WHAT THIS TASK INVOLVES> Give the data again in full, without pictures.

DATA>
BEGIN

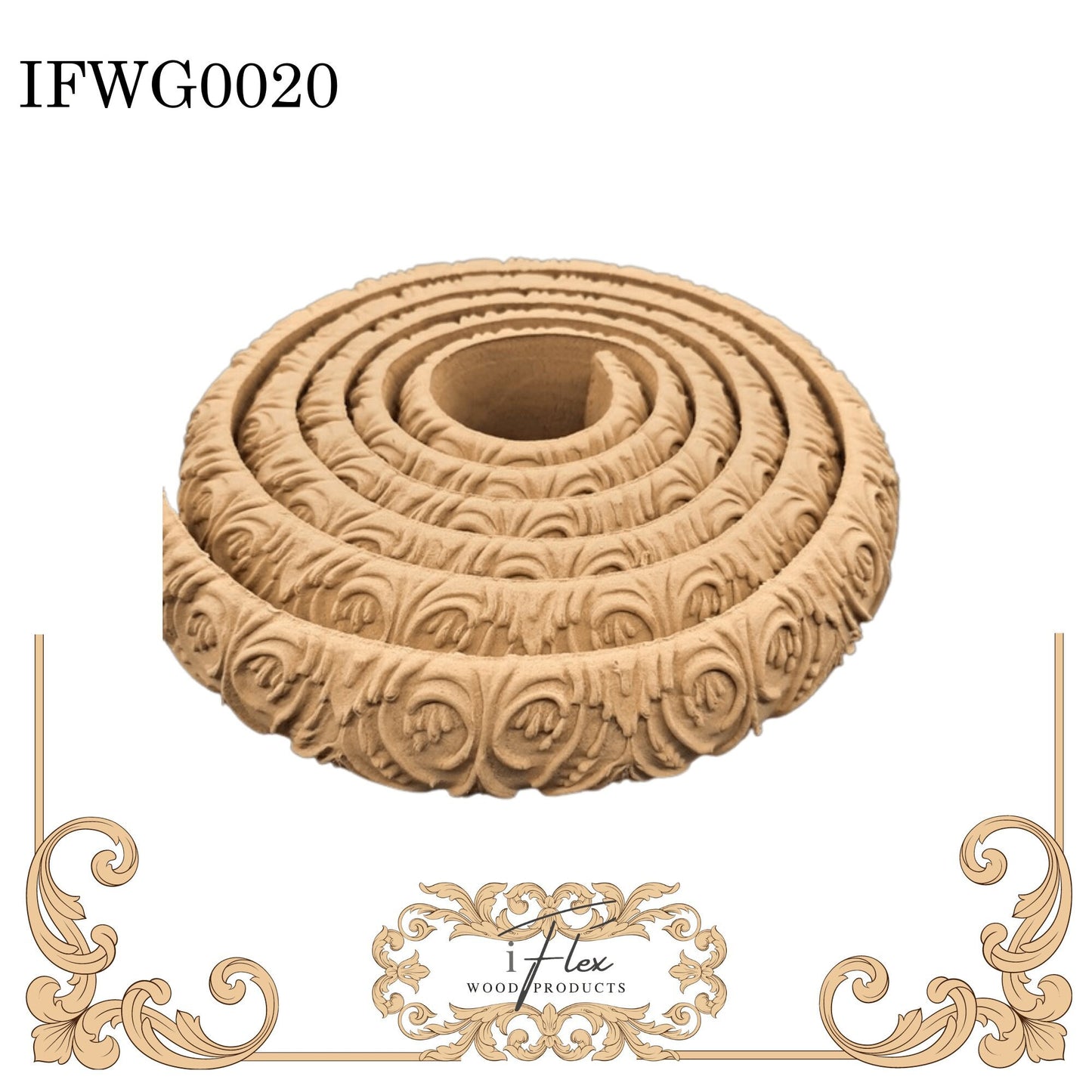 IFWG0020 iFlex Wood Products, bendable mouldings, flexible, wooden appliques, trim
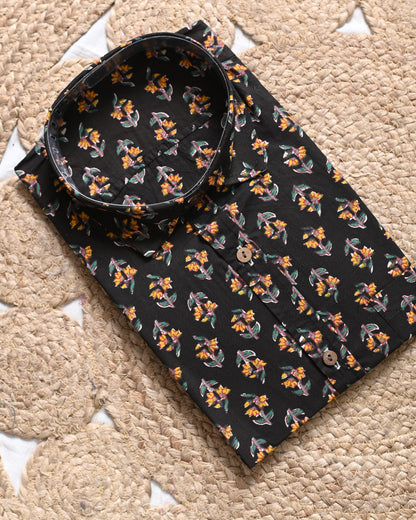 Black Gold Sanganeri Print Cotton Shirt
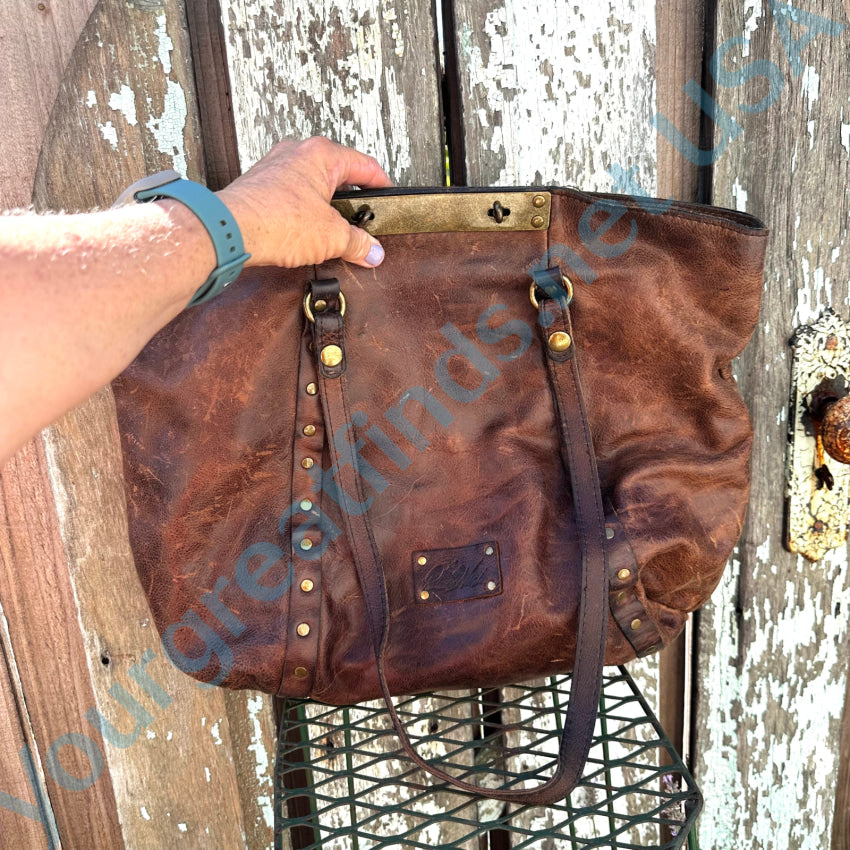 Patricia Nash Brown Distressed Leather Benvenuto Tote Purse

END

RESPONSE AREA>
 IFWG0020 iFlex Wood Products, bendable mouldings, flexible, wooden appliques, trim
 Black Gold Sanganeri Print Cotton Shirt
 Patricia Nash Brown Distressed Leather Benvenuto Tote Purse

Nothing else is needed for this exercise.